Did Labour’s conference help or hinder Jeremy Corbyn’s chances of becoming prime minister? For some, Corbyn ended up stronger than ever. There will be a review of the post of deputy leader, one likely to see the authority of Tom Watson, his severest internal critic, greatly diminished. Corbyn also won a critical vote on Brexit which endorsed his position of neutrality going into a general election. The conference also passed a raft of policies that confirm support in the party for Corbyn’s desire to dramatically extend state intervention in the cause of promoting economic growth, greater equality and tackling climate change. As John McDonnell, the ultimate architect of the party’s enthusiastic re-embrace of the state, told delegates, Labour’s ambition is to ‘lay the foundations of a new society, foundations so deeply rooted that the Tories can never break them up.’

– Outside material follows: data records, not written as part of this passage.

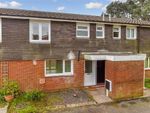 Thumbnail to rent in Burgoyne Heights, Dover, Kent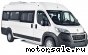 Peugeot () Boxer IV Bus:  2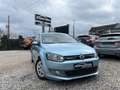 Volkswagen Polo 1.2 CR TDi BlueMotion * CLIM * GARANTIE 12 MOIS * Bleu - thumbnail 7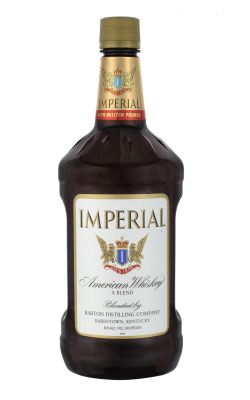 Imperial Whiskey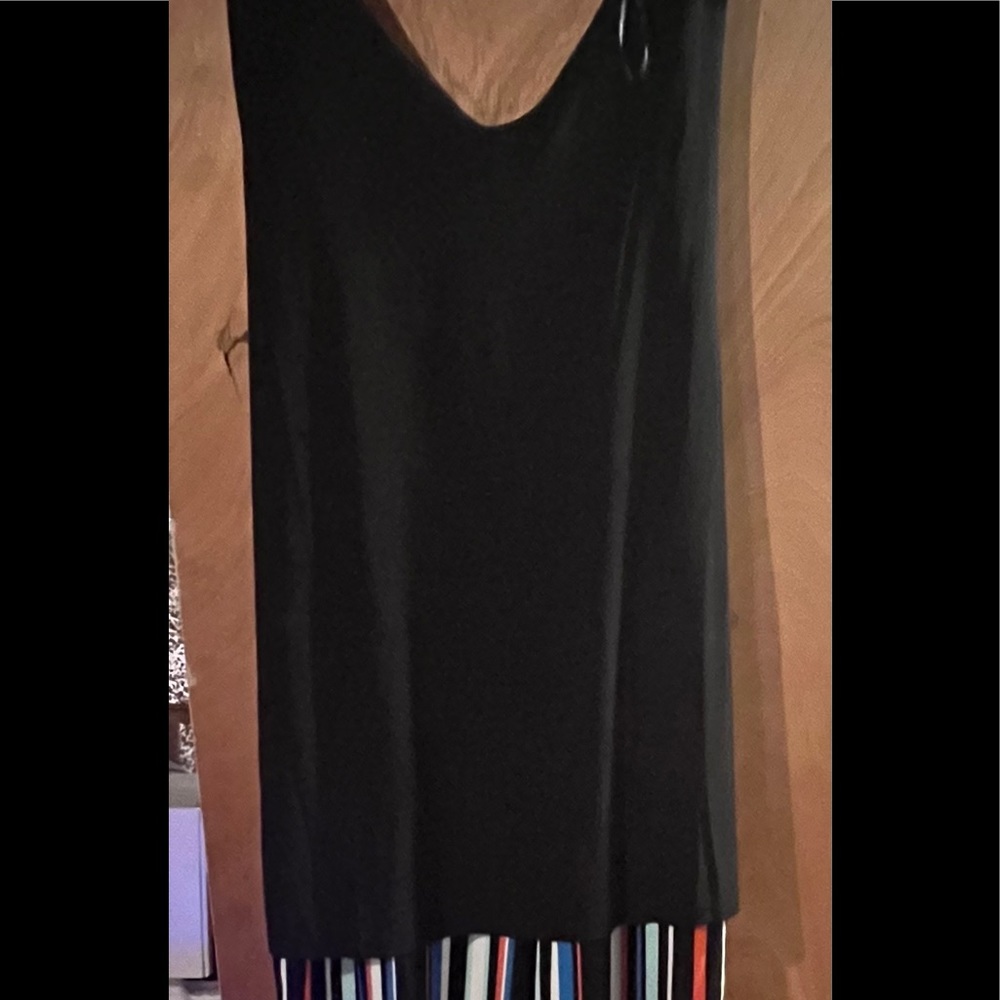 Boutique one piece jumpsuit worn once like new size 10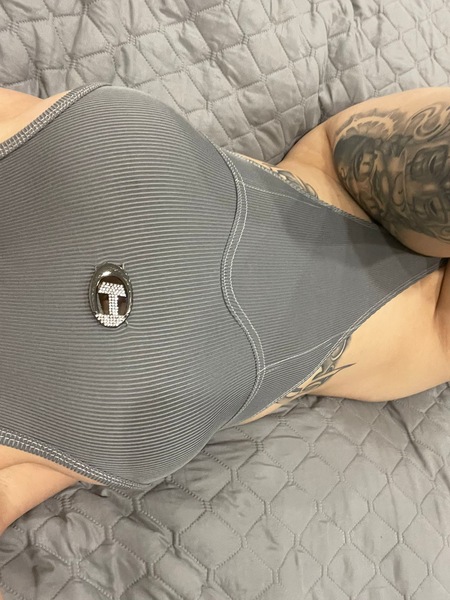 Foto von DEUTSCHE CANDY  Achtung  NEUE Nummer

This triumphalism however obscures a deeper truth. Whatever conference voted for in Brighton, Corbynism – the transformative project which was going to turn Labour from a conventional social democratic party into a radical social movement – has stalled.

This was obvious before delegates gathered in Brighton. Labour has not recovered from the shock of the local and European elections which saw it haemorrhage votes to parties with a clear Remain position, the Liberal Democrats especially.

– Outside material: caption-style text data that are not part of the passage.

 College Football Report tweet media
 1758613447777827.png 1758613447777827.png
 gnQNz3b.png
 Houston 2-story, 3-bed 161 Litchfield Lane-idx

In recent polls, it usually trails the Conservatives, sometimes by as much as ten per cent. Party membership has also been in decline for some time and might now be as low as 400,000, while the hoped-for activism at the grass-roots has not materialised on a significant scale.


The most tangible sign of Corbynism’s limitations on the ground has however been the failure of supporters to trigger the deselection of Corbyn’s greatest critics in the Commons. This means that whatever the result of the next election, most Labour MPs will be Corbyn-sceptics. More worryingly for the Labour leader, he won the Brexit vote in the face of opposition from many of his own partisans and was forced to turn it into a vote of confidence in his leadership. Even then, some called foul at the arm-twisting. Jon Lansman, whose Momentum normally serves as the leader’s Praetorian Guard, made public his criticisms of the process. The MP Clive Lewis, who fought hard for Labour to commit to Remain despite once being a keen Corbynite went much further, declaring his disillusion with his leader and calling for a new kind of radical movement in the party.

Divisions between Corbyn’s top advisors also emerged when news of the resignation of Andrew Fisher, the leader’s policy chief and long-time confidant, leaked to the press. Fisher’s resignation note reportedly complained of a ‘lack of professionalism, competence and human decency’ within Corbyn’s office but even more damningly admitted he believed Labour could not win the next election.

While an imminent election cast its shadow over Labour’s conference nobody was quite sure when it would be held. The likeliest scenario however is that Boris Johnson will resign after failing to get a deal at the EU’s 19 October summit leading a temporary government to extend the Brexit date till January as a precursor to calling an election. In those circumstances, thanks to winning his vote at conference, Corbyn will present himself as the man of reason standing between the Conservatives and the Liberal Democrats, the two implacable parties of Leave and Remain. He will offer voters the chance to vote in a confirmatory referendum on a Labour Brexit deal which he hopes to conclude in three months. Labour as a party – and he as its leader – will however contest the election uncommitted to a Leave or Remain position. The many Labour Remainers figure this an electorally disastrous position, believing that to be neutral about Brexit, when Britons consider it the most important issue facing the country, would see Labour lose votes to the Liberal Democrats and Greens.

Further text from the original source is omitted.